Using parametric model order reduction for inverse analysis of large nonlinear cardiac simulations

Predictive high-fidelity finite element simulations of human cardiac mechanics commonly require a large number of structural degrees of freedom. Additionally, these models are often coupled with lumped-parameter models of hemodynamics. High computational demands, however, slow down model calibration and therefore limit the use of cardiac simulations in clinical practice.

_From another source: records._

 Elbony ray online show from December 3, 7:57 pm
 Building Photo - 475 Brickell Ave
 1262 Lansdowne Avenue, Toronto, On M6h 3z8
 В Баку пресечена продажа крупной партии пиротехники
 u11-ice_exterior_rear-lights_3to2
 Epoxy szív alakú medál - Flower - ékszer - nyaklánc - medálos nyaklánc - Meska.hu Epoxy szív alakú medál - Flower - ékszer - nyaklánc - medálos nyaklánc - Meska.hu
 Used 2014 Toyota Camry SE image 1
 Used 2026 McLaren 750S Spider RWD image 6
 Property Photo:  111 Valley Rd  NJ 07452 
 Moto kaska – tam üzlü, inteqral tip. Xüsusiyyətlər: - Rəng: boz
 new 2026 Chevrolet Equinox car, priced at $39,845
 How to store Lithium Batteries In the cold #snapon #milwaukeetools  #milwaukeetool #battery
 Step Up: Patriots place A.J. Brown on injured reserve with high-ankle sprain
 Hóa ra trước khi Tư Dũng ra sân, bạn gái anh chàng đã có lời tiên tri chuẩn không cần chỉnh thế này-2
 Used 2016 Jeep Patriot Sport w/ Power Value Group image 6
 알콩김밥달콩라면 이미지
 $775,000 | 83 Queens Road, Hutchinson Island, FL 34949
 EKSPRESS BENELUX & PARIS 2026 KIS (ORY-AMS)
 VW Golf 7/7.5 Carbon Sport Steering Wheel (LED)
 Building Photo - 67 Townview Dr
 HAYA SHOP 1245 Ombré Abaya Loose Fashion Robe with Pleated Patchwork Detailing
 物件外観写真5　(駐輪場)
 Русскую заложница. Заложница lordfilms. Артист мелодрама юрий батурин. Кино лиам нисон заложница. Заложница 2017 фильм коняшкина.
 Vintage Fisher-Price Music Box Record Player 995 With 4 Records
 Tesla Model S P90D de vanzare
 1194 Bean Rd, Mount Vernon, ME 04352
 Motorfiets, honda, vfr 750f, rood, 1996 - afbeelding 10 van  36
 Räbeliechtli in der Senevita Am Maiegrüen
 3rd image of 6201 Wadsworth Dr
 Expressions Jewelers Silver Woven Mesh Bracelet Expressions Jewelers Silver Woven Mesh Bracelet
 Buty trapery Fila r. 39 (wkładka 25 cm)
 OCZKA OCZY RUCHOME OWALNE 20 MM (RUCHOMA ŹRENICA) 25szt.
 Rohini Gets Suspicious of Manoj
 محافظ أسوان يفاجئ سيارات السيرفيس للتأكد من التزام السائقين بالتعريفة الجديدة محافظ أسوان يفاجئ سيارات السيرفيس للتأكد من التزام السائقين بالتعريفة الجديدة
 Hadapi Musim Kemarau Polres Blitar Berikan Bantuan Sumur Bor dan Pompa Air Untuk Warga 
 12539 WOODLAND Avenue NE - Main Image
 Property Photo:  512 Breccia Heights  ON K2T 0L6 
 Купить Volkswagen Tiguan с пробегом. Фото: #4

As cardiac models rely on several patient-specific parameters, just one solution corresponding to one specific parameter set does not at all meet clinical demands. Moreover, while solving the nonlinear problem, 90% of the computation time is spent solving linear systems of equations. We propose to reduce the structural dimension of a monolithically coupled structure-Windkessel system by projection onto a lower-dimensional subspace. We obtain a good approximation of the displacement field as well as of key scalar cardiac outputs even with very few reduced degrees of freedom, while achieving considerable speedups. For subspace generation, we use proper orthogonal decomposition of displacement snapshots. Following a brief comparison of subspace interpolation methods, we demonstrate how projection-based model order reduction can be easily integrated into a gradient-based optimization. We demonstrate the performance of our method in a real-world multivariate inverse analysis scenario. Using the presented projection-based model order reduction approach can significantly speed up model personalization and could be used for many-query tasks in a clinical setting.